El edificio románico necesita 30.000 euros para poder afrontar nuevas excavaciones que permitan seguir investigando el subsuelo. • A principios de año se descubrieron restos que podrían ser "los más antiguos de la ciudad hallados hasta ahora". • El Ayuntamiento ha solicitado una subvención a la Junta.

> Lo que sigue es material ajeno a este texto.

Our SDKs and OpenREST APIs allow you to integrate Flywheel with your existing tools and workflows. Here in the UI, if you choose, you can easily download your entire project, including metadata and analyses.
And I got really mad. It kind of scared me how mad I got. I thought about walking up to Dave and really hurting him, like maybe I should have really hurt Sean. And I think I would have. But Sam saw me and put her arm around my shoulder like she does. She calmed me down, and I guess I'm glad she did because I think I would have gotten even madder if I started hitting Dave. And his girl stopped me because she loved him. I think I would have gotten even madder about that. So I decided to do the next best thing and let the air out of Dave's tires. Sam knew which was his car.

Las prospecciones iniciadas en la iglesia de Santiago a principios de año en la nave central más próxima al presbiterio, dirigidas por el arqueólogo Ricardo Barbas, revelaron restos arqueológicos aún sin datar, que apuntan “a hechos históricos sobre Sigüenza no contemplados hasta el presente en la historiografía actual". Fuentes de la Asociación de Amigos de la Iglesia de Santiago (AISS), que desde 2012 lucha por la restauración del edificio y su conversión en el Centro de Interpretación del Románico de la provincia de Guadalajara, creen que se podrían ser "los restos más antiguos de cuantos han aparecido en la ciudad" y entre los hallazgos, destacan “una hilada de piedras en espiga, muy poco común”.

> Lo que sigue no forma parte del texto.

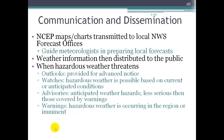Once NOAA has come up with these charts and maps, the National Centers for Environmental Prediction transmit these to local National Weather Service forecast offices, and then the local meteorologists use these maps and charts to help prepare their local forecast. Once those forecasts have been determined, that information is distributed to the public through radio, television, and the internet.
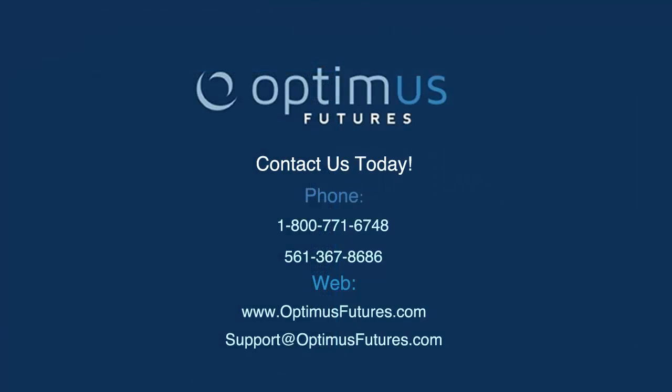Thank you for viewing this video today on Sierra Chart. If you have any questions, please feel free to give us a call or visit our website at www.optimusfutures.com.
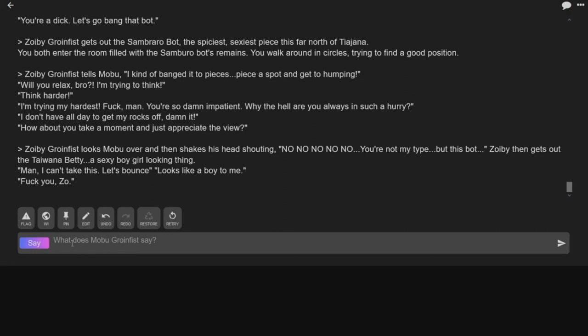Man, I can't take this. Let's bounce. Looks like a boy to me. Well, fuck you, Zoo. That's its name. Oh, no, no, that's Zo. It's talking about you, I think. Yeah. So I guess you said the first thing.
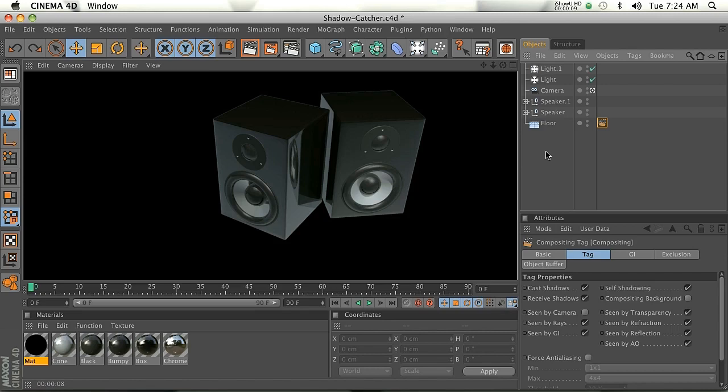Hey guys, this is Jordan Condell from ThePixelLab.net for MotionWorks. Today I want to talk to you about shadows and a little technique that will help you make your composites more realistic.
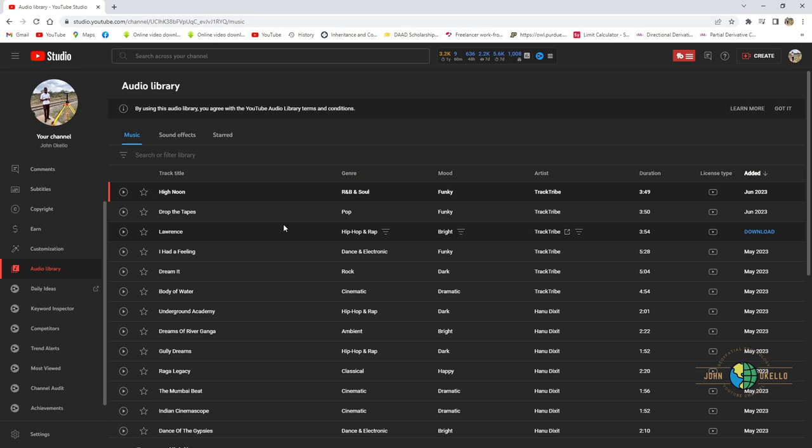The easiest process you can use to download copyright free audio music from YouTube. See you in the next one.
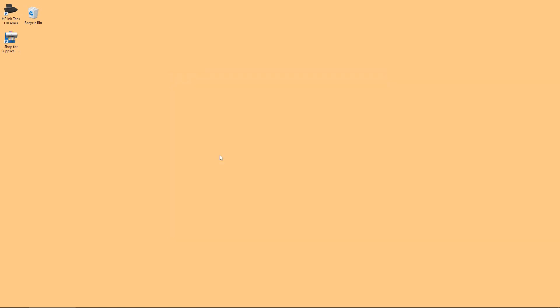So this is how you download and install the full feature software for the HP InkTank 110 series.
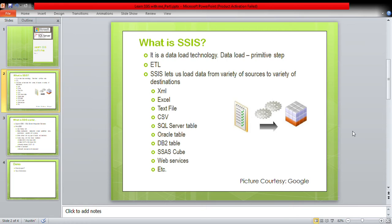Does that mean SSIS just loads data from one object to another? No, SSIS is capable of doing even more. It is an ETL technology — ETL stands for Extraction, Transformation, and Loading. SSIS lets you talk to various types of data sources to get the data, apply some transformation to the extracted data, and then load it into the destination.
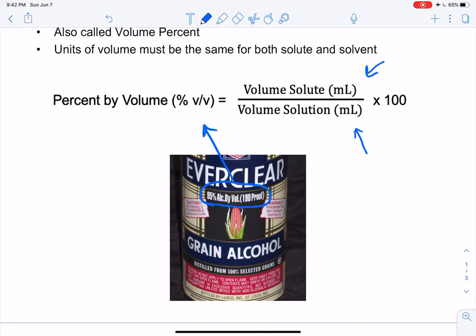When talking about proof, you just double the alcohol by volume percentage. So if you took 95 and doubled it, you would get 190. That's how proof works.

Los nuevos descubrimientos obligarán “necesariamente a replantear la forma de trabajo y el calendario” de obras -ya existe proyecto para restaurar el edificio y proyecto para el Centro de Interpretación-. La presidenta del colectivo, Elena Guijarro ha pedido “el apoyo de toda la sociedad seguntina y de las instituciones para seguir avanzando, no ya sólo en el Centro sino en la culminación de un proceso de gran trascendencia para la historia de Sigüenza”. De momento, el Ayuntamiento ha solicitado ya a la Consejería de Educación y Cultura una subvención para desarrollar el nuevo proyecto de excavación arqueológica, en el marco de la línea de ayudas que el Gobierno Regional ha reservado a la investigación del patrimonio arqueológico y paleontológico de Castilla-La Mancha en 2017 y a las que también optará el Ayuntamiento de Driebes, para iniciar los trabajos en la ciudad romana de Caraca.

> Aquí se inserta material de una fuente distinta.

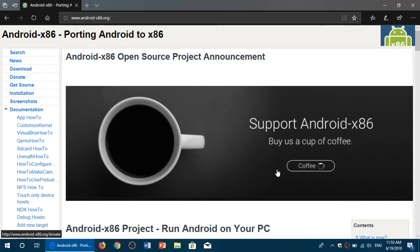This one is different because it actually has the capability of running the operating system directly on your PC. That means you could install this and boot directly into Android on a PC that you'd like to transform into something different. What's also interesting is that it's a free, open-source project and it's always evolving.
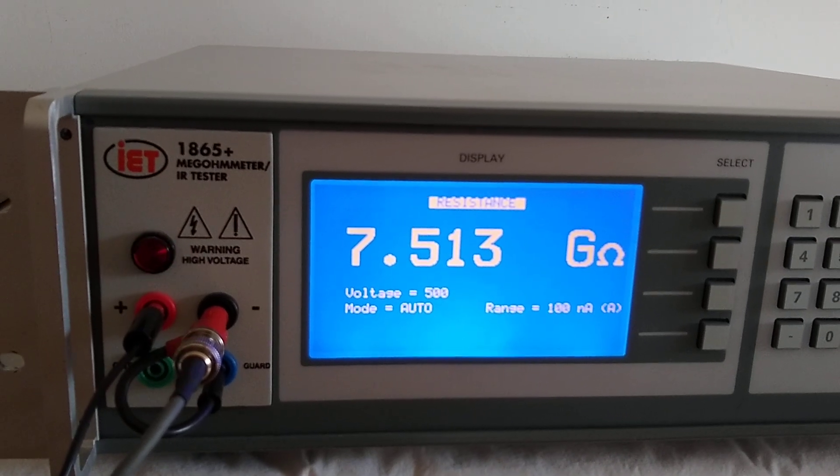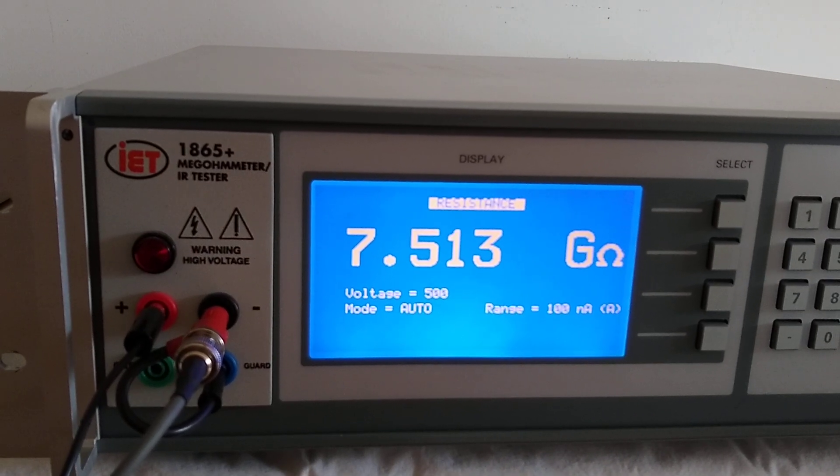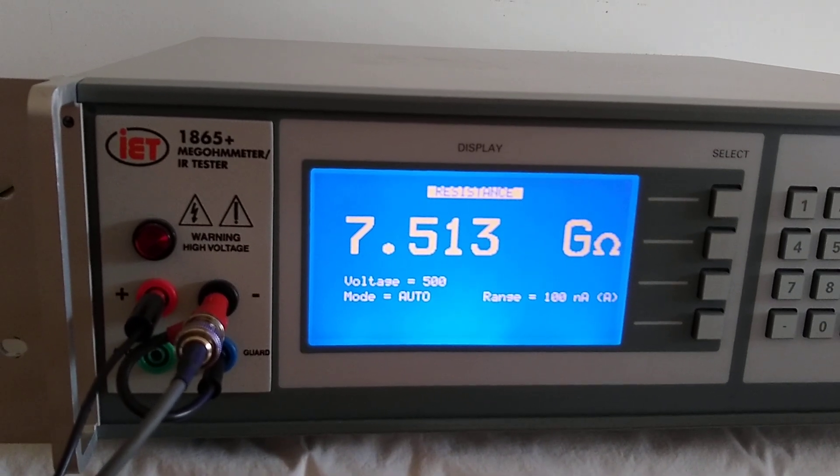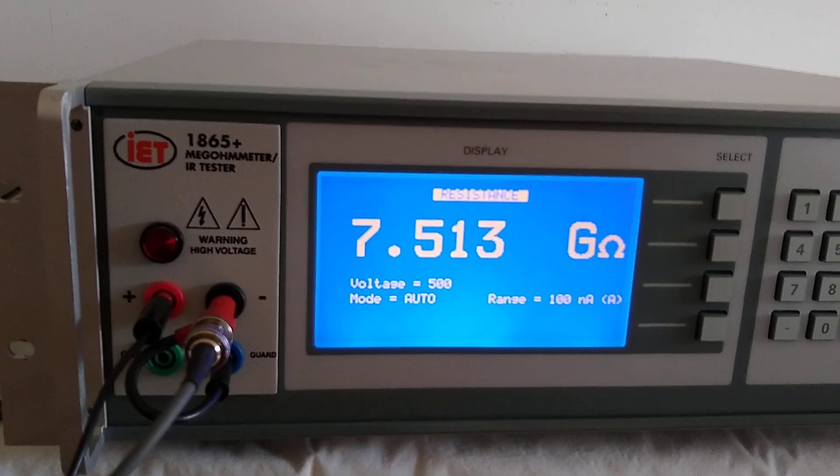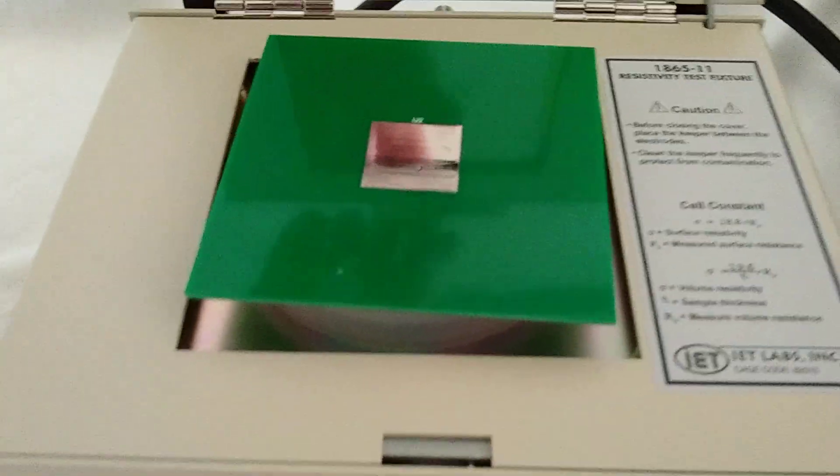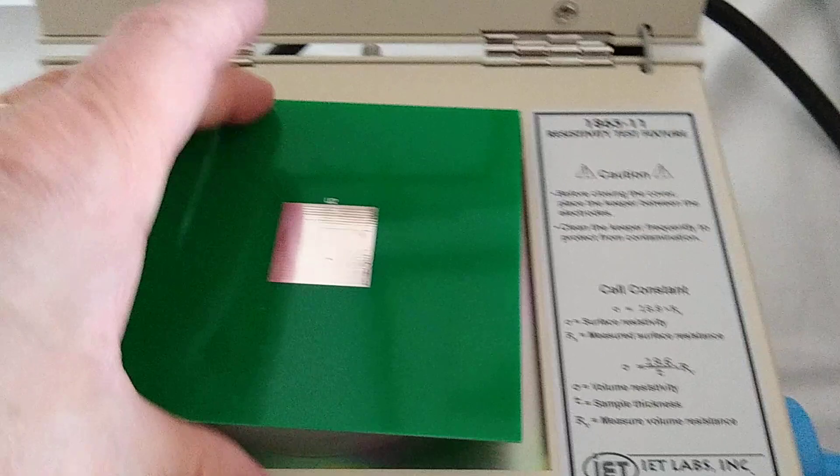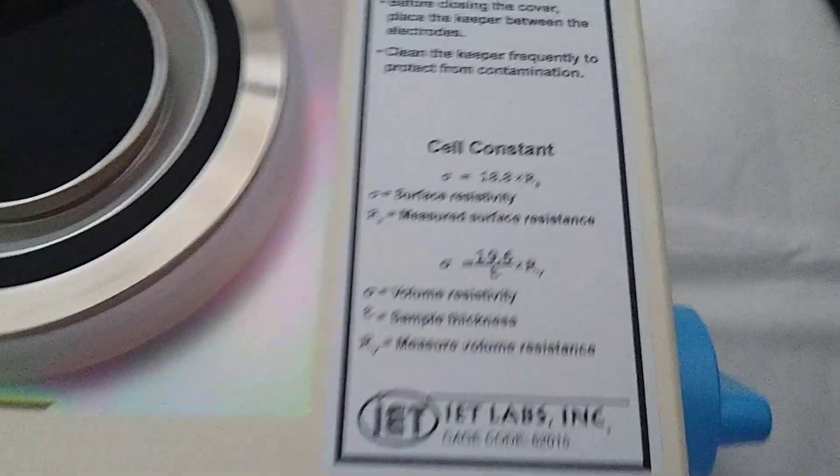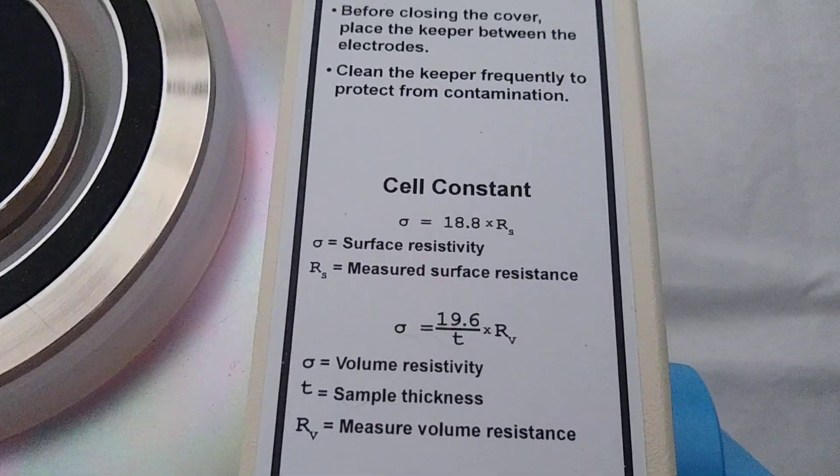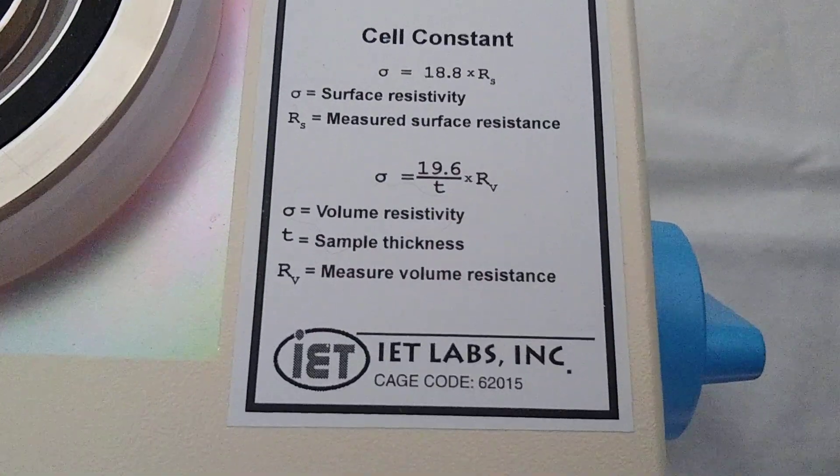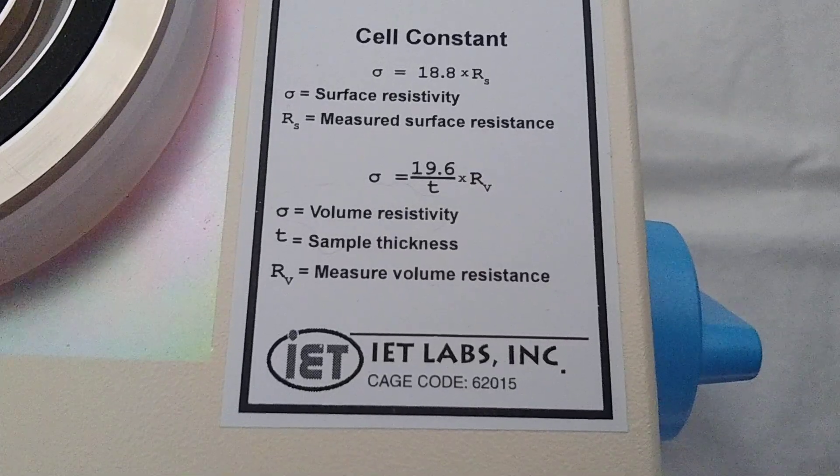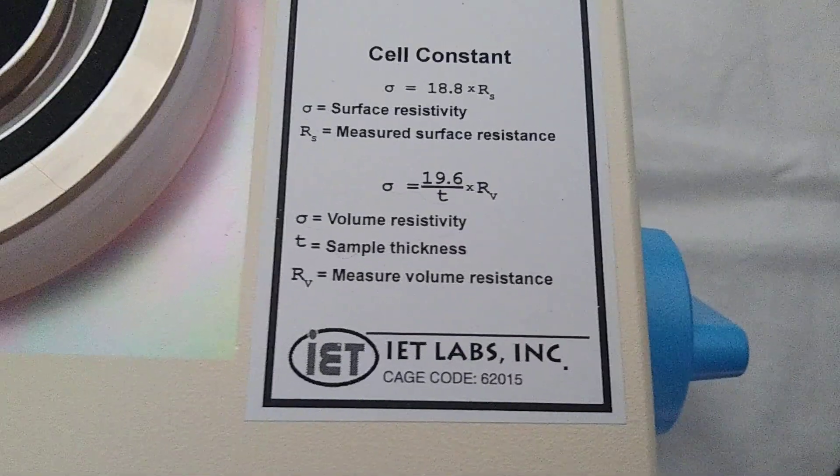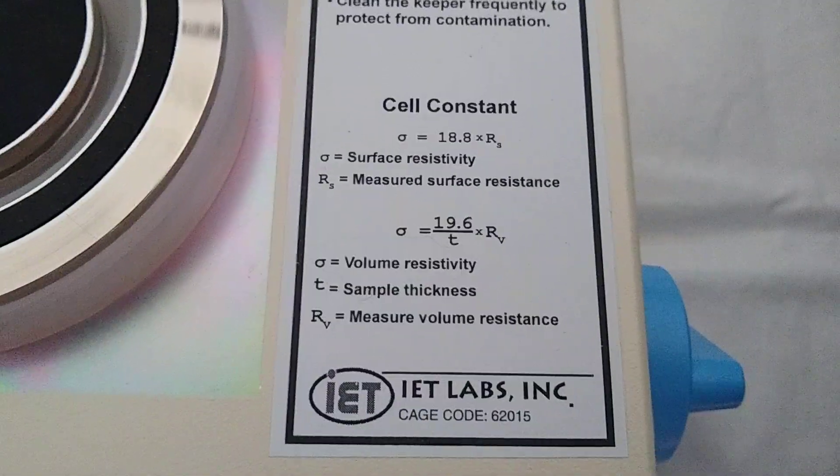In approximately 20 seconds, the unit will stop performing its measurement. At that point, we could basically remove the sample from the cell. We would then take that seven and a half gig, multiply it by 19.6, and divide it by the thickness of the sample.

Una parte la aportaría el Consistorio seguntino, además de otras instituciones, incluida la AISS, que es la que promueve la restauración de la iglesia desde hace cinco años. El nuevo proyecto lo seguiría dirigiendo el arqueólogo Ricardo Barbas, responsable de los dos últimos, y contaría, si finalmente logra ponerse en marcha, con la colaboración de algunos de los mejores especialistas españoles, de talla internacional, pertenecientes a varias universidades y expertos en arte y arquitectura medieval e islámica. 

No es la primera campaña arqueológica en esta iglesia románica. La primera, previa a la intervención de la cubierta, se ejecutó en 2003, aunque no aparecieron datos relevantes. La segunda, ya con Ricardo Barbas como arqueólogo responsable, se practicó en el presbiterio, en 2015 y condujo a la recuperación del solado original del siglo XII, además del solado posterior, construido en cerámica, además de otros hallazgos. La última intervención ejecutada fue en 2016 mediante la técnica del georradar. El resultado fue una imagen global del subsuelo de la Iglesia y el descubrimiento de nuevos focos de interés. Aparecieron objetos de cierta relevancia, como enterramientos y cerámica.